_Work task:_ With pictures excluded, retype exactly every line from the one containing "adidas Golf Men’s" to the end of the records below.

_Exercise input:_
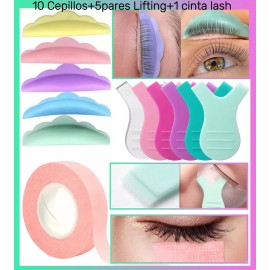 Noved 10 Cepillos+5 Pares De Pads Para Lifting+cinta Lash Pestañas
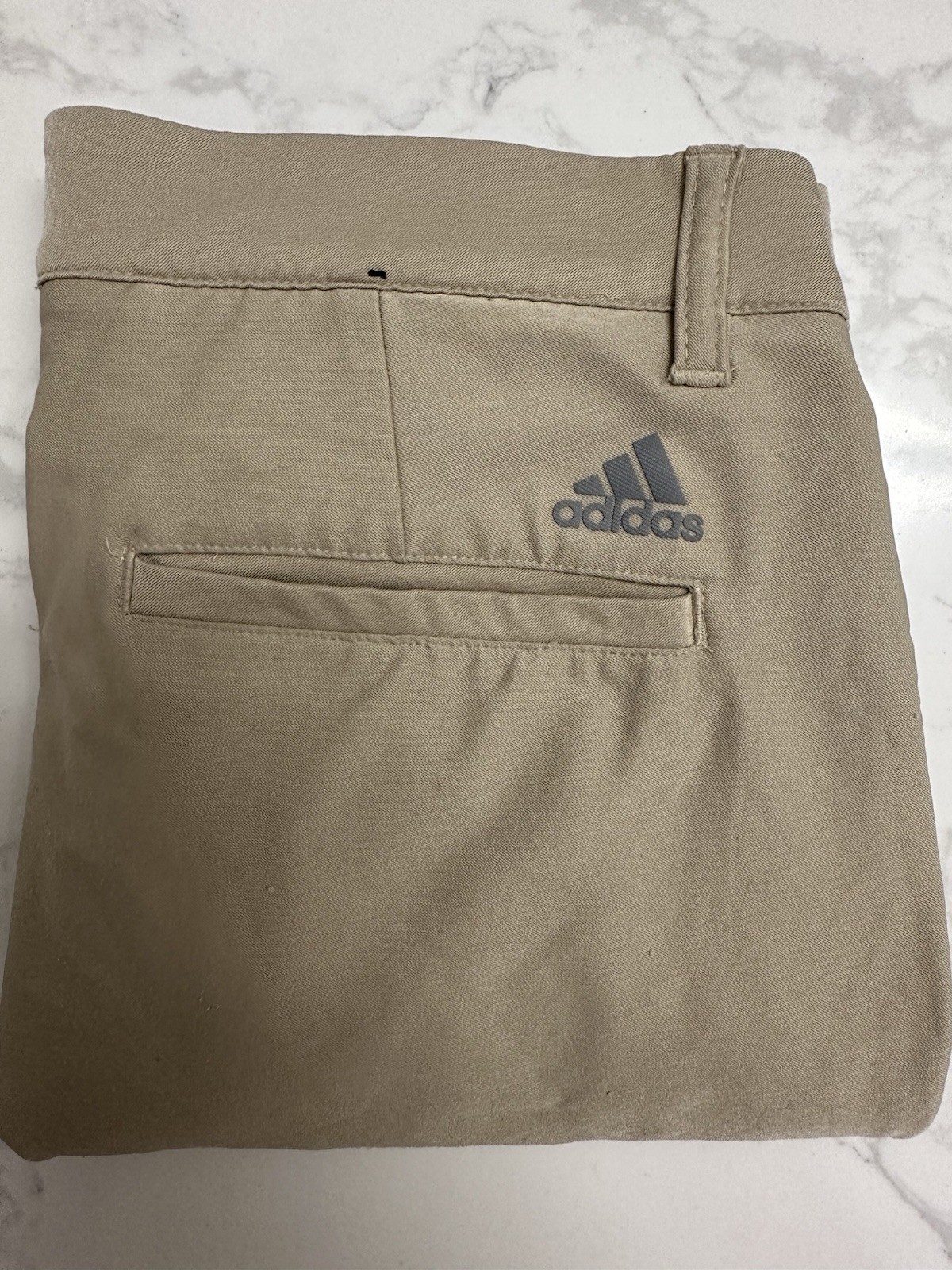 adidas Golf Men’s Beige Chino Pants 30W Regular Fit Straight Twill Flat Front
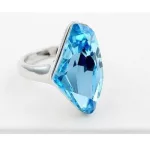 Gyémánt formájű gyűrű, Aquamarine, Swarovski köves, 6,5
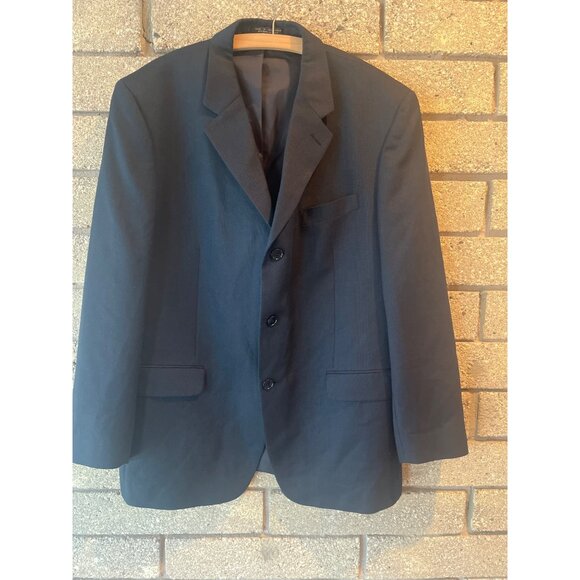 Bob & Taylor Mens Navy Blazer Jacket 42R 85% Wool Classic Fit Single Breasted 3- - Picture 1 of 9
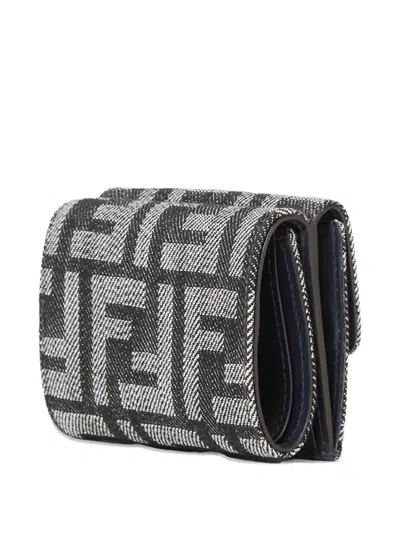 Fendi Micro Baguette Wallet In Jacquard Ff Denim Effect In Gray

_Task answer:_
 adidas Golf Men’s Beige Chino Pants 30W Regular Fit Straight Twill Flat Front
 Gyémánt formájű gyűrű, Aquamarine, Swarovski köves, 6,5
 Bob & Taylor Mens Navy Blazer Jacket 42R 85% Wool Classic Fit Single Breasted 3- - Picture 1 of 9
 Fendi Micro Baguette Wallet In Jacquard Ff Denim Effect In Gray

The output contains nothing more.